+From the LSQ algorithm, we have written a C program that uses only
+integer values. We use a very simple quantization by multiplying
+double precision values by a power of two, keeping the integer
+part. For example, all values stored in lut$_s$, lut$_c$, $\ldots$ are
+scaled by 1,024. Since LSQ also computes average, variance, ... to
+remove the slope, the result of implied Euclidean divisions may be
+relatively wrong. To avoid that, we also scale the pixel intensities
+by a power of two. Furthermore, assuming $nb_s$ is fixed, these
+divisions have a known denominator. Thus, they can be replaced by
+their multiplication/shift counterpart. Finally, all other
+multiplications or divisions by a power of two have been replaced by
+left or right bit shifts.

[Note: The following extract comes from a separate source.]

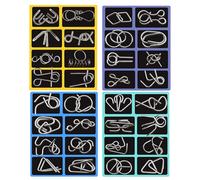 jamgeery Giochi di Rompicapi e Puzzle Metallici,Giocattoli Educativi E Regali Per Feste,Giochi Puzzle di Sblocco con Anelli Cinesi in Metallo - per Compleanno Natale Halloween Risoluzione Problemi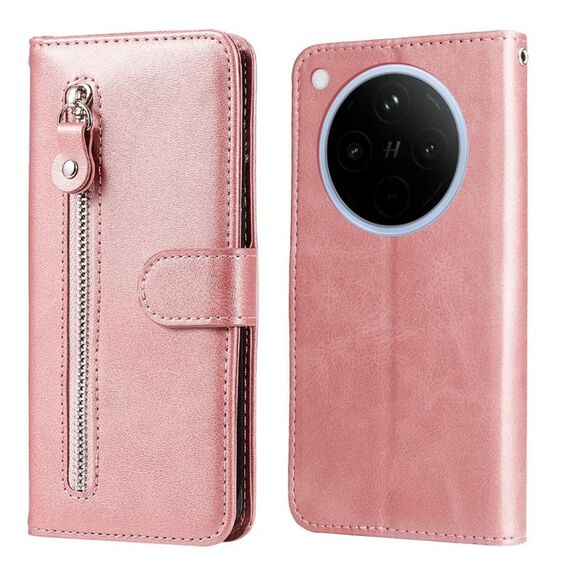 Per OPPO Find X8 Custodia per telefono in pelle con cerniera e texture di vitello alla moda (oro rosa)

Thus, the code only contains
+additions, subtractions and multiplications of signed integers, which
+are perfectly adapted to FGPAs.
+
+As mentioned above, hardware constraints have a great influence on the VHDL
+implementation. Consequently, we searched the maximum value of each variable as
+a function of the different scale factors and the size of profiles, which gives
+their maximum size in bits. That size determines the maximum scale factors that
+allow to use the least possible RAMs and DSPs. Actually, we implemented our
+algorithm with this maximum size but current works study the impact of
+quantization on the results precision and design complexity. We have compared
+the result of the LSQ version using integers and doubles and observed that the
+precision of both were similar.
+
+Then we built two versions of VHDL codes: one directly by hand coding
+and the other with Matlab using the Simulink HDL coder
+feature~\cite{HDLCoder}. Although the approach is completely different
+we obtained VHDL codes that are quite comparable. Each approach has
+advantages and drawbacks. Roughly speaking, hand coding provides
+beautiful and much better structured code while Simulink enables us to
+produce a code faster. In terms of throughput and latency,
+simulations show that the two approaches are close with a slight
+advantage for hand coding. We hope that real experiments will confirm
+that.
+
+\subsection{Simulation}
+
+Before experimental tests on the board, we simulated our two VHDL
+codes with GHDL and GTKWave (two free tools with linux). For that, we
+built a testbench based on profiles taken from experimentations and
+compared the results to values given by the SPL algorithm. Both
+versions lead to correct results.
+
+Our first codes were highly optimized : the pipeline could compute a
+new phase each 33 cycles and its latency was equal to 95 cycles. Since
+the Spartan6 is clocked at 100MHz, it implies that estimating the
+deflection of 100 cantilevers would take about $(95 + 200\times 33).10
+= 66.95\mu$s, i.e. nearly 15,000 estimations by second.
+
+\subsection{Bitstream creation}
+
+In order to test our code on the SP Vision board, the design was
+extended with a component that keeps profiles in RAM, flushes them in
+the phase computation component and stores its output in another
+RAM. We also added a wishbone : a component that can "drive" signals
+to communicate between i.MX and other components. It is mainly used
+to start to flush profiles and to retrieve the computed phases in RAM.
+
+Unfortunately, the first designs could not be placed and route with ISE on the
+Spartan6 with a 100MHz clock. The main problems came from routing values from
+RAMs to DSPs and obtaining a result under 10ns. So, we needed to decompose some
+parts of the pipeline, which adds some cycles. For example, some delays have
+been introduced between RAMs output and DSPs. Finally, we obtained a bitstream
+that has a latency of 112 cycles and computes a new phase every 40 cycles. For
+100 cantilevers, it takes $(112 + 200\times 40).10 = 81.12\mu$s to compute their
+deflection.
+
+This bitstream has been successfully tested on the board.